[MATERIAL SHOWN — start]

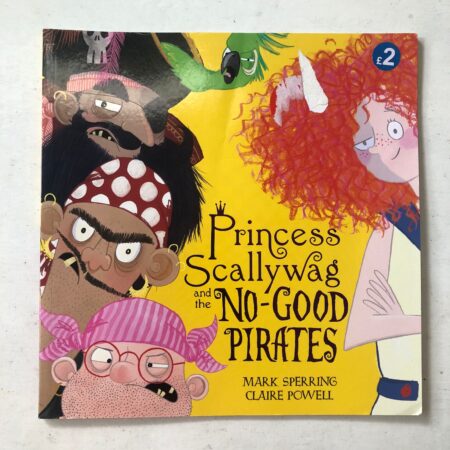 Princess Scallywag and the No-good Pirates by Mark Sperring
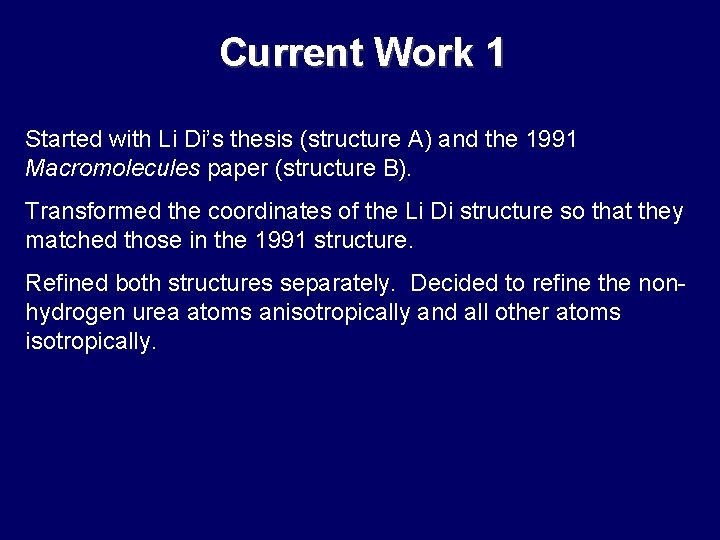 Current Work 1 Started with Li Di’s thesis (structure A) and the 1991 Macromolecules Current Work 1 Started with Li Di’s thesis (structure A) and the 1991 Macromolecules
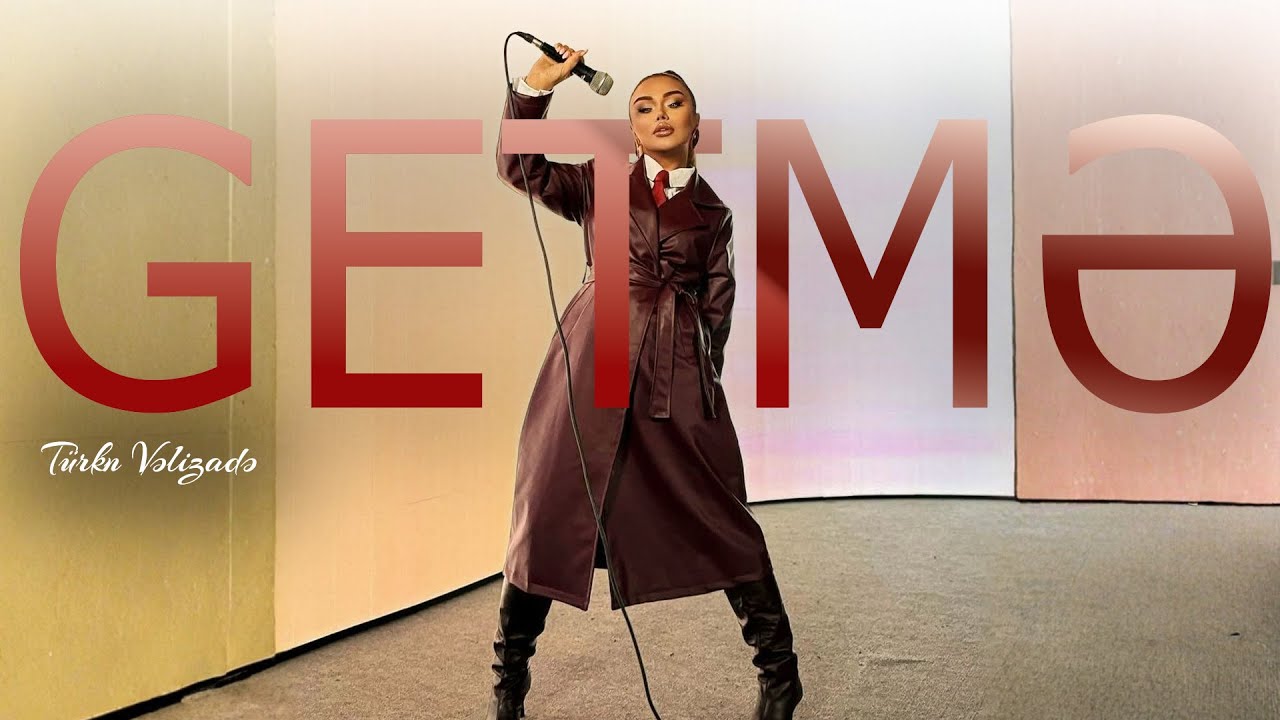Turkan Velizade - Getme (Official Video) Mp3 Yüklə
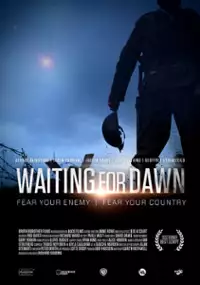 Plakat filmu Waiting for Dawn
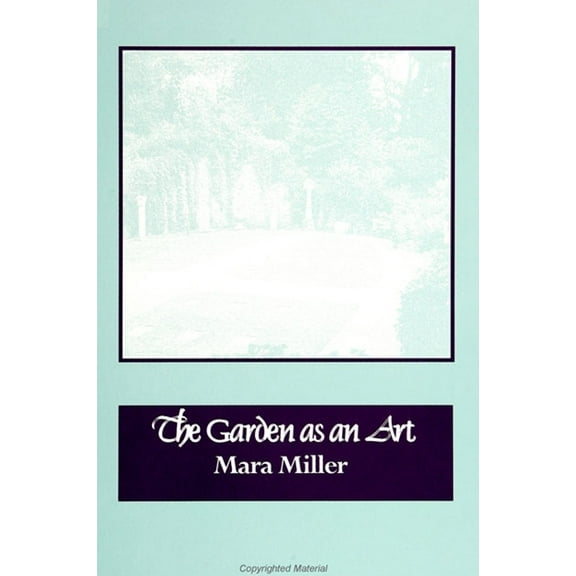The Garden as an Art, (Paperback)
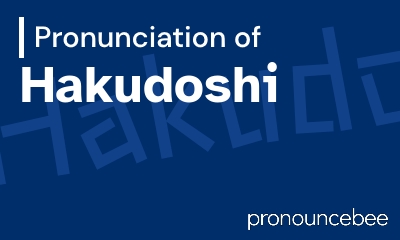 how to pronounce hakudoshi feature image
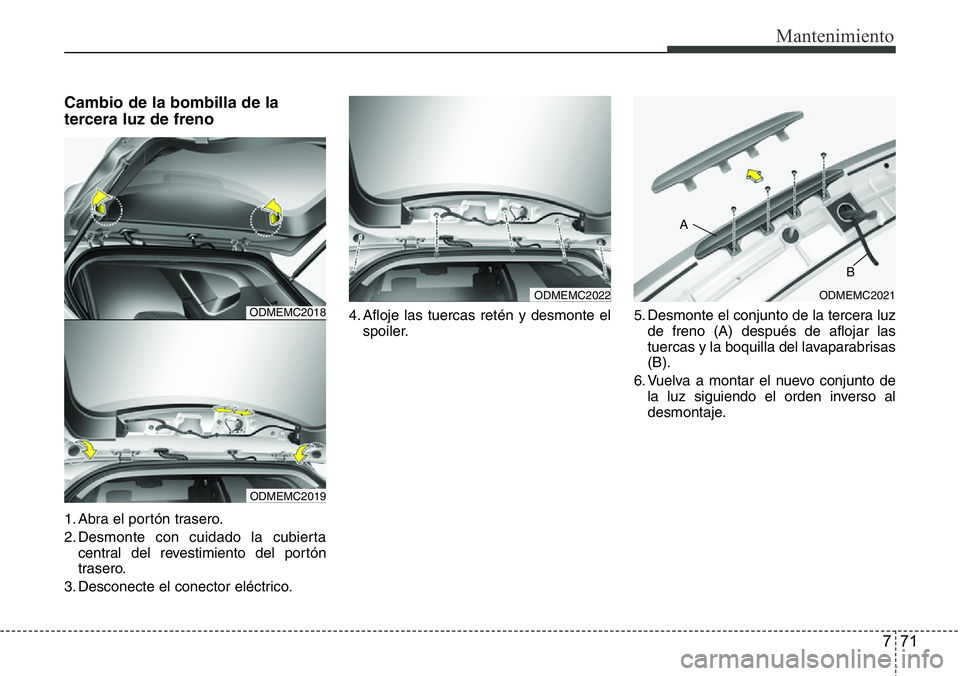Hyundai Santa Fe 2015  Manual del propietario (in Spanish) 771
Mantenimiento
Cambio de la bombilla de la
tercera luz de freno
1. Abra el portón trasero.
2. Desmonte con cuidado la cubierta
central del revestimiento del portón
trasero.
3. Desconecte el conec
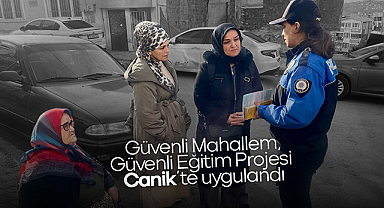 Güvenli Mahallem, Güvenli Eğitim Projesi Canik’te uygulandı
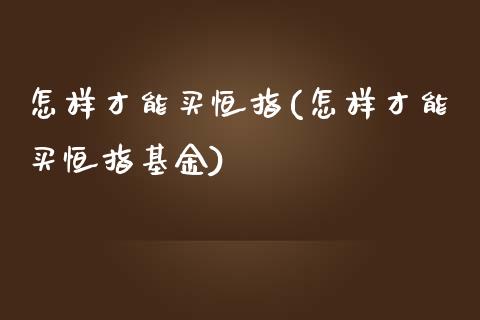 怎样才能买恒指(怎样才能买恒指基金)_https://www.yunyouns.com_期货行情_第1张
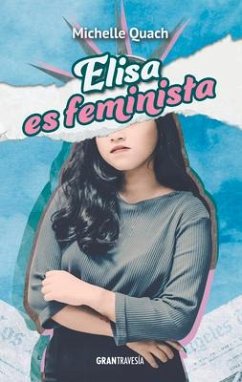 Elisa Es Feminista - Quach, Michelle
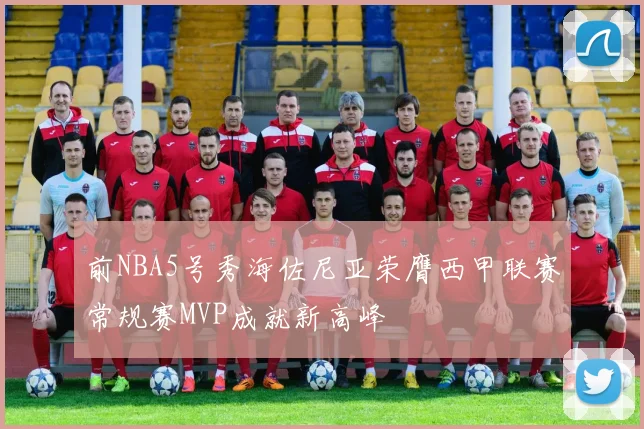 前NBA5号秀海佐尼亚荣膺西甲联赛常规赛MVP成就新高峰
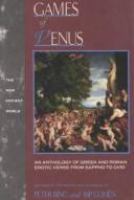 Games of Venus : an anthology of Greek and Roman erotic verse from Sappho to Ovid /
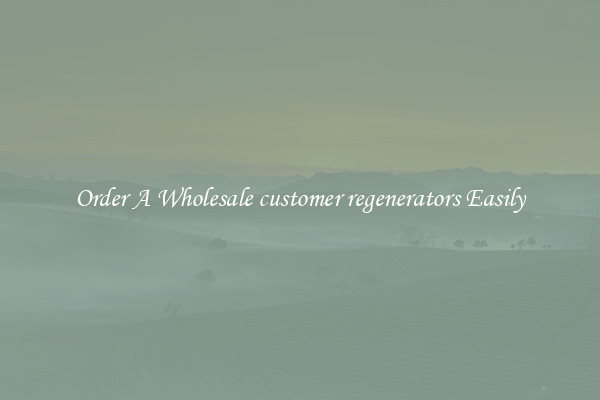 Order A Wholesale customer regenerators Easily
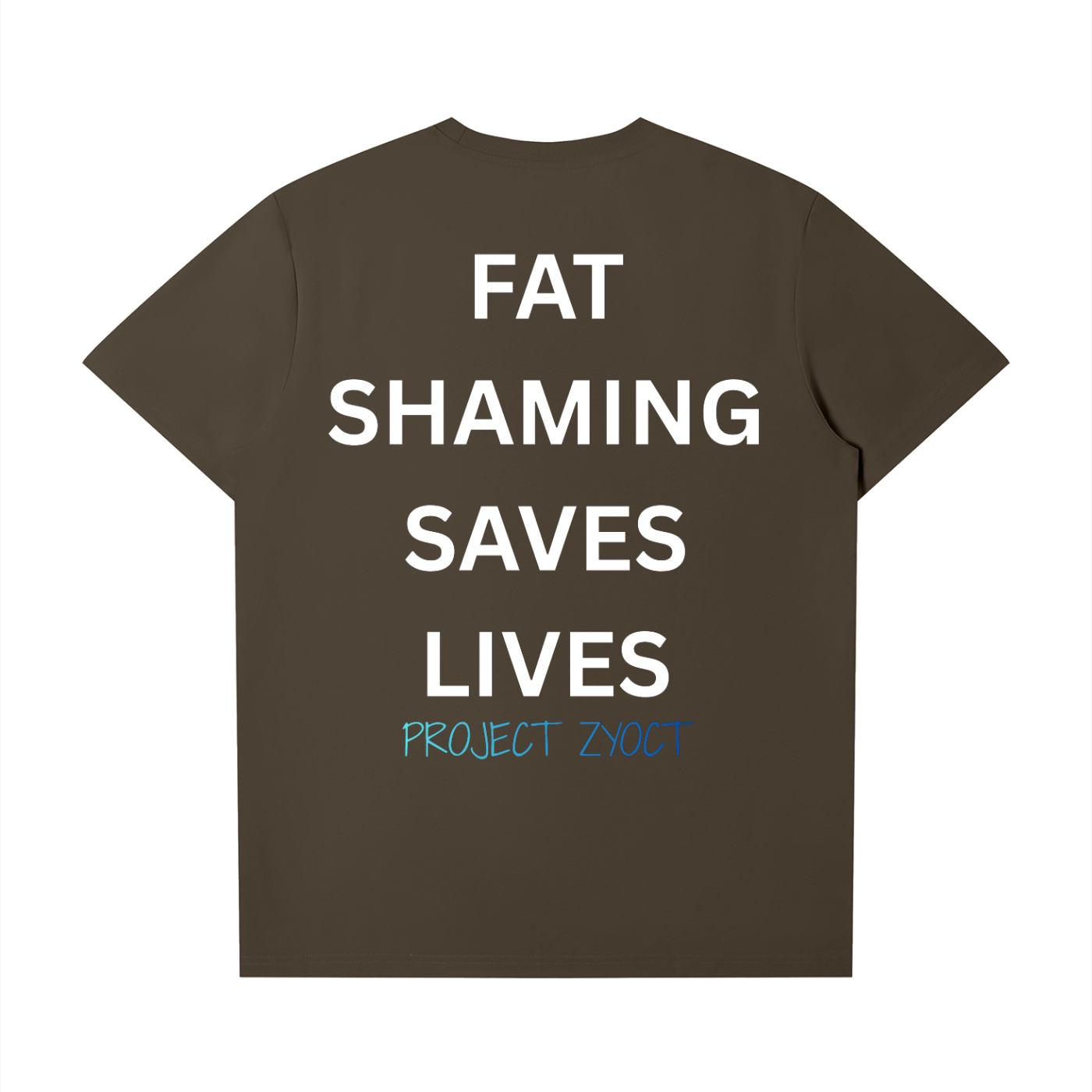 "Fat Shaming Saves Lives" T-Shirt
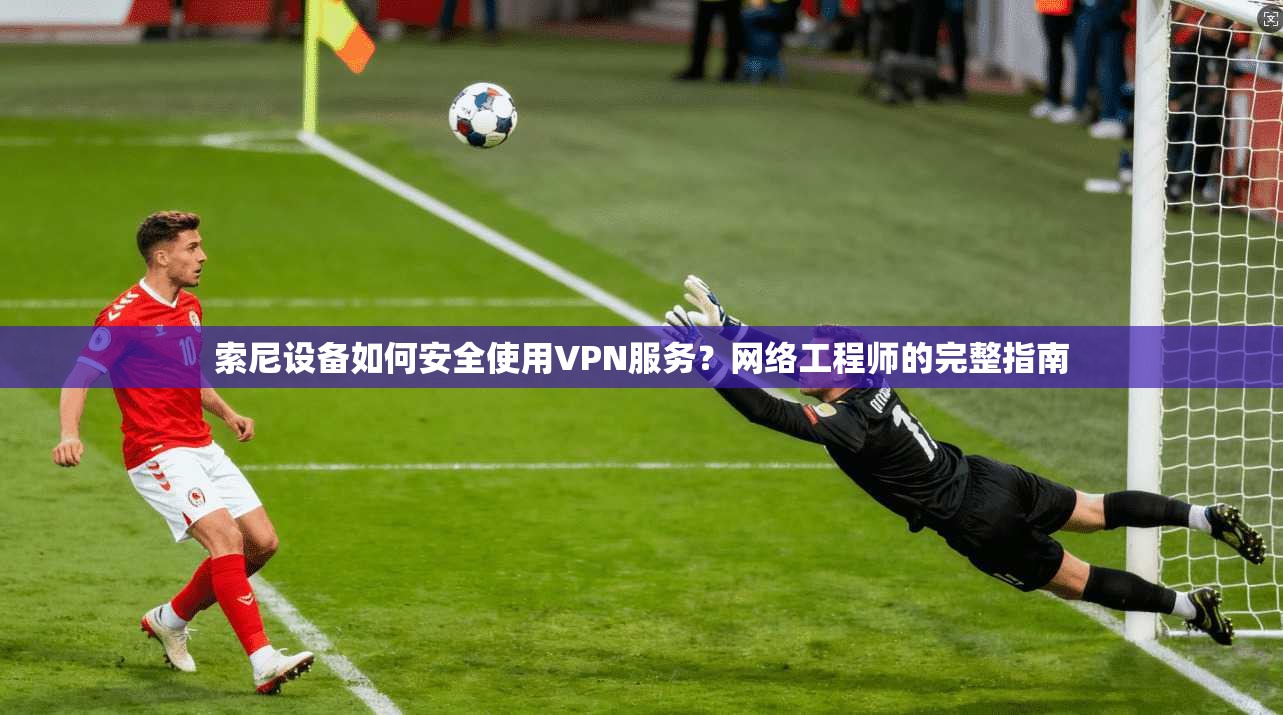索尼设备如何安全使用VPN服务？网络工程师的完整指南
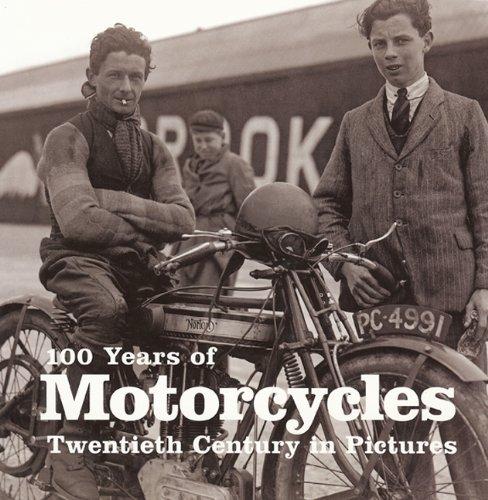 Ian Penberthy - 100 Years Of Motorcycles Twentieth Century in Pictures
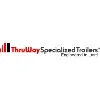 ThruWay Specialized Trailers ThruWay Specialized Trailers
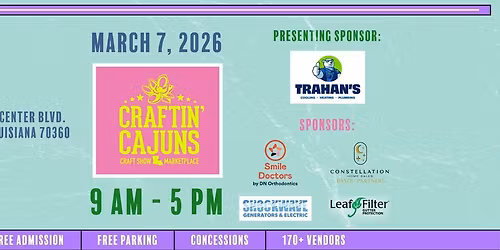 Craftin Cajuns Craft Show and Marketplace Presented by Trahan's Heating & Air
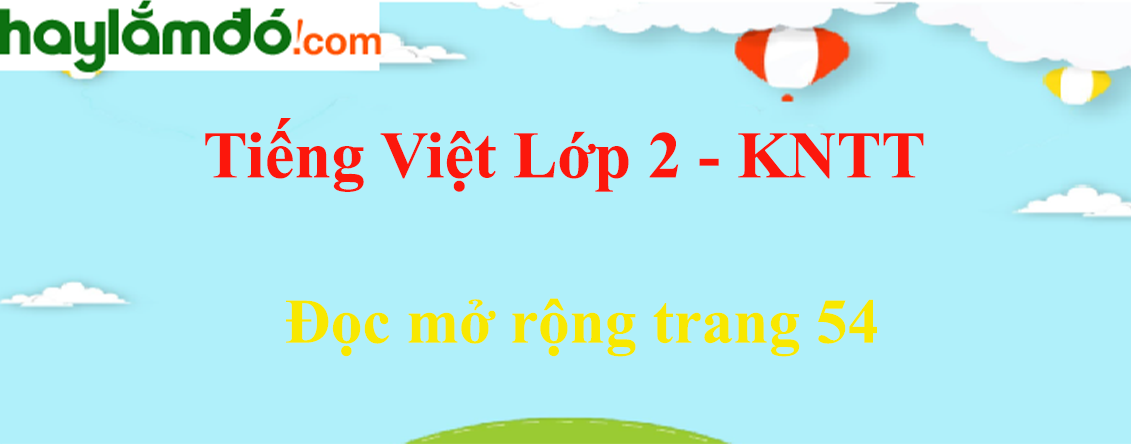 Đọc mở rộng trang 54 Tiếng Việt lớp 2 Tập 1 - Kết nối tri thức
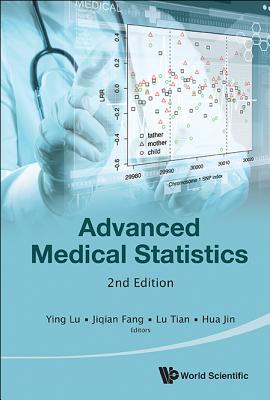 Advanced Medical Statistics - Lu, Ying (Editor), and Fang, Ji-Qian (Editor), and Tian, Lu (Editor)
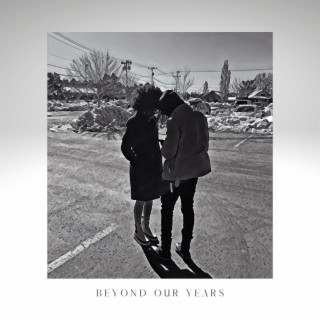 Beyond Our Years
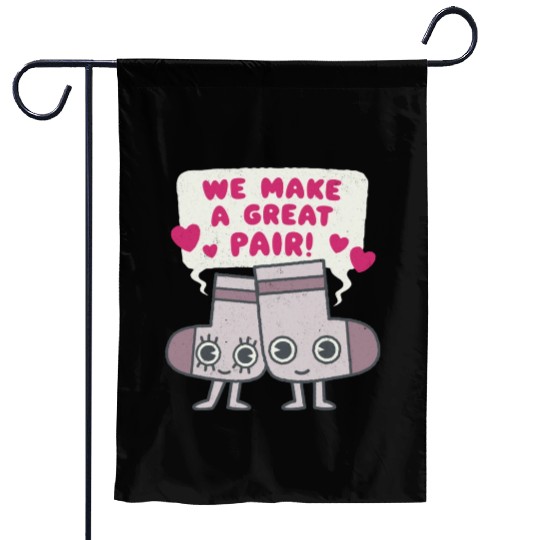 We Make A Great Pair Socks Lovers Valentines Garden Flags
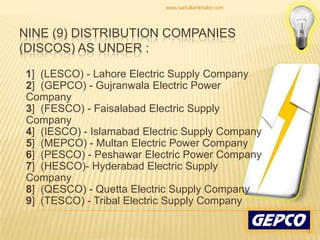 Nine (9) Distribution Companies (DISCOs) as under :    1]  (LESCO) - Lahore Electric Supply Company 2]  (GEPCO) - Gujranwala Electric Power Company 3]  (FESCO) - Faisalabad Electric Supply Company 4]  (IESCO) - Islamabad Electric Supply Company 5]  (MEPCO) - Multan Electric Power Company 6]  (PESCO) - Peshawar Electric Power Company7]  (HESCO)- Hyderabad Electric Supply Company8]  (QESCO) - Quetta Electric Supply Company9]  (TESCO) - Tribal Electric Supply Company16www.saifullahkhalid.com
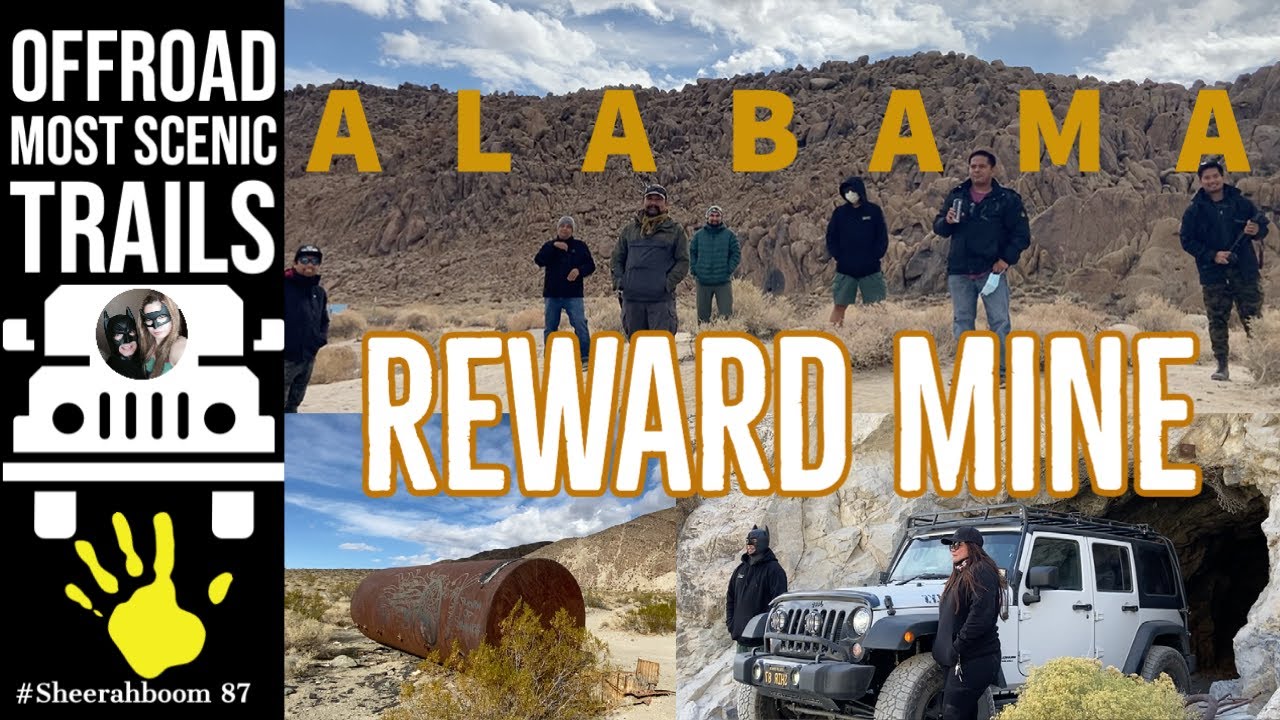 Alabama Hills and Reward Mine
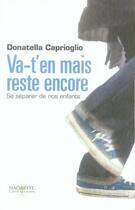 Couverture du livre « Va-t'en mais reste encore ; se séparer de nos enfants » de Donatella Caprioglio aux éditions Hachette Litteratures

[MATERIAL SHOWN — finish]

_PROBLEM DETAILS:_
Exact repeat of the material above: every line from the one with "Beyond Our Years" through the one with "Nine (9) Distribution", endpoints included, and nothing more. No pictures.

_ANSWER BOX:_
 Beyond Our Years
 We Make A Great Pair Socks Lovers Valentines Garden Flags
 Nine (9) Distribution Companies (DISCOs) as under :    1]  (LESCO) - Lahore Electric Supply Company 2]  (GEPCO) - Gujranwala Electric Power Company 3]  (FESCO) - Faisalabad Electric Supply Company 4]  (IESCO) - Islamabad Electric Supply Company 5]  (MEPCO) - Multan Electric Power Company 6]  (PESCO) - Peshawar Electric Power Company7]  (HESCO)- Hyderabad Electric Supply Company8]  (QESCO) - Quetta Electric Supply Company9]  (TESCO) - Tribal Electric Supply Company16www.saifullahkhalid.com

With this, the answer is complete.